Há algum tempo venho cruzando o caminho de um
rapaz que anda numa cadeira de rodas. Quase todos os dias o vejo com seu
acompanhante pelas ruas perto da minha casa. Ele é jovem, deve ter a minha
idade, mais ou menos, e eu o acho muito bonito. Sempre que passo por ele tento
disfarçar o olhar para não deixa-lo constrangido. Me lembro de quando precisei
usar muletas por um tempo por causa de um pé quebrado ou tornozelo torcido.
Bastava eu entrar num lugar que os olhares se voltavam para mim. Na rua, a
mesma coisa. Parecia um misto de pena com expectativa de sei lá o que. Eu cair?
Nunca entendi a quase hipnose que isso causa nas pessoas. Mas vivenciei o
desconforto de estar naquela condição. Me dava vontade de falar: “Que foi? Eu
quebrei o pé, só isso.” Mas era tão óbvio.
No caso
deste rapaz, não é óbvio. Fico imaginando se sua condição é temporária ou
irreversível. Seu olhar me parece triste, tímido e eu sempre tenho cuidado para
não encará-lo muito. Hoje, o vi de novo, com seu acompanhante sorridente,
sempre conversando. Eu estava de bicicleta e os avistei de longe, a quase um
quarteirão de distância, vindo em minha direção. De repente, me deu uma vontade
louca de gritar, quando estivéssemos passando lado a lado: “VOCÊ É LINDO!!” e
sorrir para ele. Eu estava pedalando, então seria tudo muito rápido e, provavelmente, eu não conseguiria ver sua reação. Mas acredito que abriria um sorriso também.
E talvez aquilo melhorasse seu dia, e até um pouquinho da sua autoestima. Eu tive
tempo para pensar nisso tudo e ponderar. Então nos cruzamos. E eu fiquei
quieta. Não tive coragem. Verdade que não saio distribuindo elogios aos gritos
por aí normalmente. Aliás, tirando cantadas machistas, que não são, nem de
longe, elogios, dificilmente vejo acontecer. Mas hoje foi diferente. Senti que
seria um gesto de carinho, que poderia gerar algo bom para outra pessoa. Porém,
não o fiz. Por não conhecê-lo e não saber como ele interpretaria, por medo de arriscar
um ato tão ousado, mas, principalmente, porque crescemos cheios de amarras,
restrições e limitações já pré impostas e nunca paramos para nos questionar se
isto é razoável, se é assim mesmo que queremos ser e o que aconteceria se
fizéssemos diferente. Não podemos ser espontâneos? E, neste caso, nem seria.
Tive vários segundos para avaliar as consequências. Mas não.
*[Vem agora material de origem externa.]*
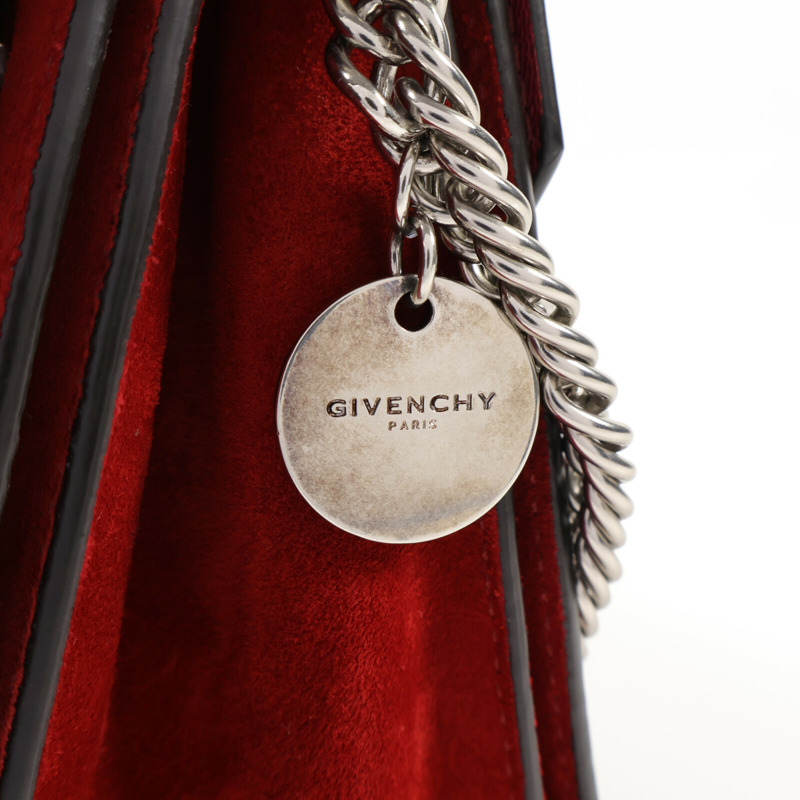 GIVENCHY 牛皮皮革Chain Shoulder銀扣鏈帶肩背袋-12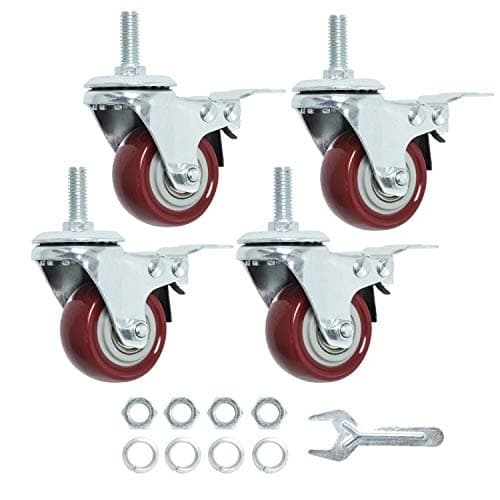 Finnhomy Swivel Caster Wheels 2 Inch Heavy Duty Threaded Stem Casters 5/16"- 18 x 1 with Brake Set of 4 Premium Polyurethane Wheels PU Load Bearing 800 Lbs Anti-wear Smooth Casters, Red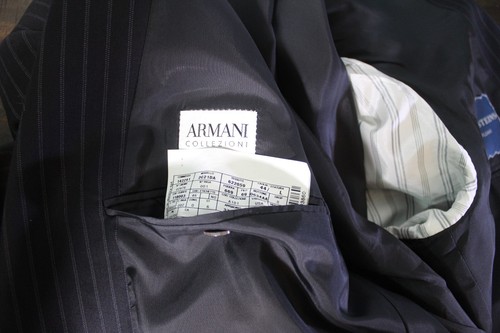 Armani Collezioni Italy Men's Suit Darkest Blue 44L Jacket 38/30 Pants 2-Piece - Picture 13 of 13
Mais uma palavra
de carinho ficou guardada, escondida, porque algum dia, alguém resolveu que era
para ser assim. E eu acreditei. Mais uma vez o “e se...” ganhou a cena. Quantos
sorrisos não são dados, quantas pessoas não se conhecem, quantas histórias não
são contadas, quantos sofrimentos não são evitados, quantas pessoas não
reconhecem seu valor, simplesmente porque guardamos, egoistamente, nossas
admirações? Alguns valores da infância realmente não deveriam se perder pelo
caminho... Afinal , o que podemos, o que queremos e o que devemos fazer?
Apesar
disso, algo me diz que um dia nos conheceremos, eu e o rapaz da cadeira de
rodas. Talvez (tomara!!) ele nem precise mais da cadeira nesse dia. Talvez, por
estar sem ela, eu nem o reconheça. Mas seja como for (e se for), eu gostaria de
poder contar essa história pessoalmente a ele. Me faria bem e, acredito, a ele
também. E não há sensação melhor do que a de fazer bem aos outros.